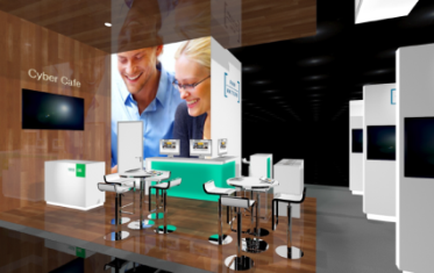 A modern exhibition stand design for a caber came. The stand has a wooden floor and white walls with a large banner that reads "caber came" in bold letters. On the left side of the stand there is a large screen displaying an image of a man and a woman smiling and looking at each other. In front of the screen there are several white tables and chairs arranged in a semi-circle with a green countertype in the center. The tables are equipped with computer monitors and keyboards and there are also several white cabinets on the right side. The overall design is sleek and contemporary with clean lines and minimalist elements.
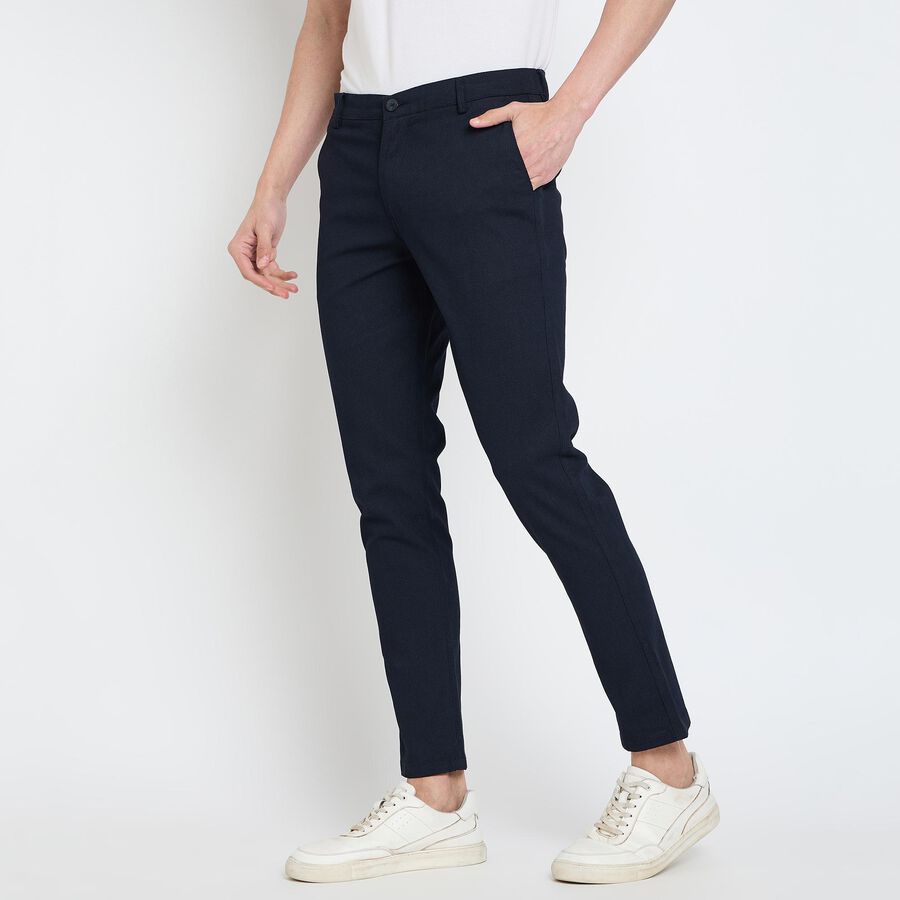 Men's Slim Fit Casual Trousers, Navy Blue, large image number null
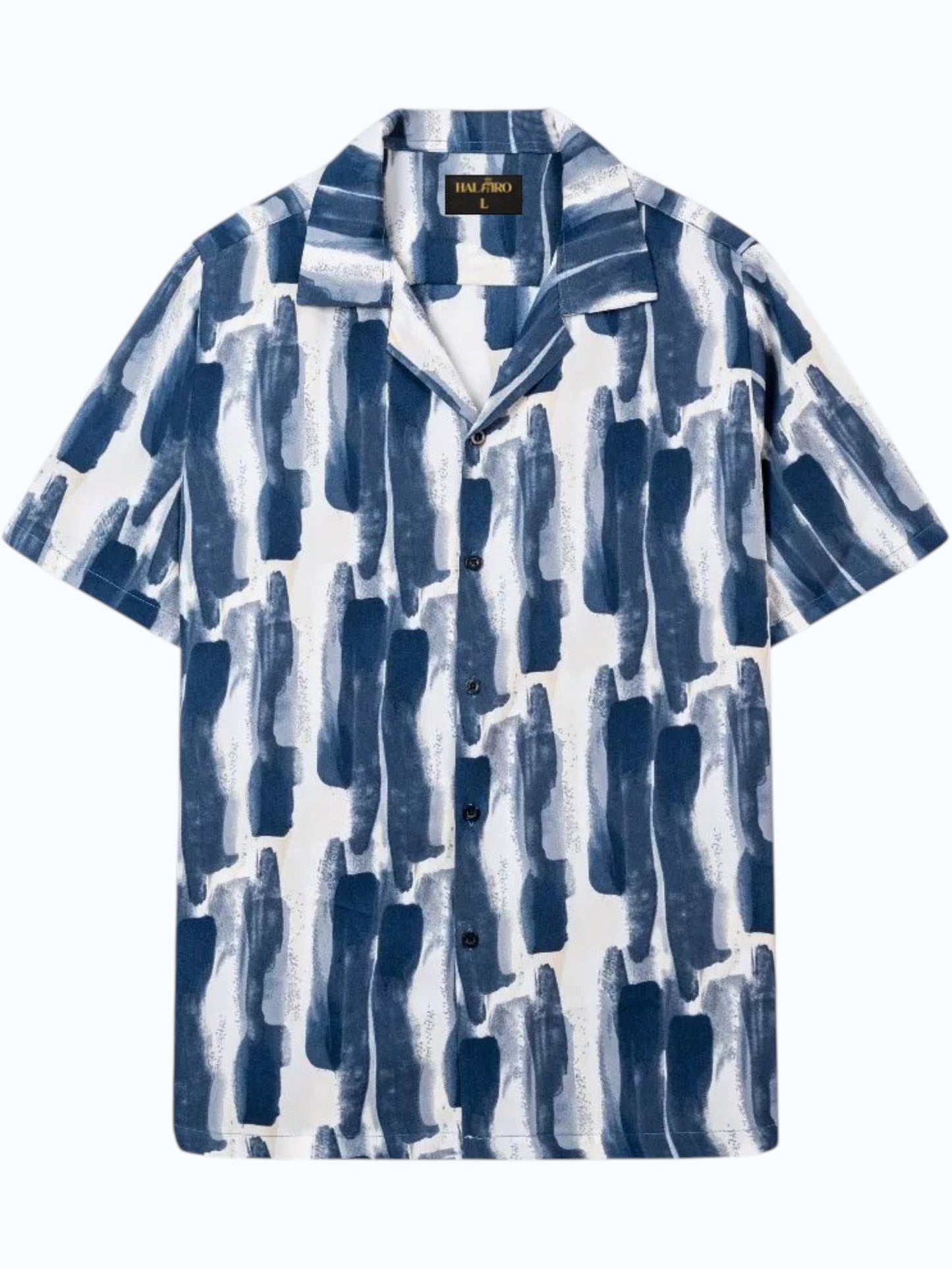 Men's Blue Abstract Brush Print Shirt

Required action
An exact copy of the data above is required, printed without its pictures.

Finished exercise
 A modern exhibition stand design for a caber came. The stand has a wooden floor and white walls with a large banner that reads "caber came" in bold letters. On the left side of the stand there is a large screen displaying an image of a man and a woman smiling and looking at each other. In front of the screen there are several white tables and chairs arranged in a semi-circle with a green countertype in the center. The tables are equipped with computer monitors and keyboards and there are also several white cabinets on the right side. The overall design is sleek and contemporary with clean lines and minimalist elements.
 Men's Slim Fit Casual Trousers, Navy Blue, large image number null
 Men's Blue Abstract Brush Print Shirt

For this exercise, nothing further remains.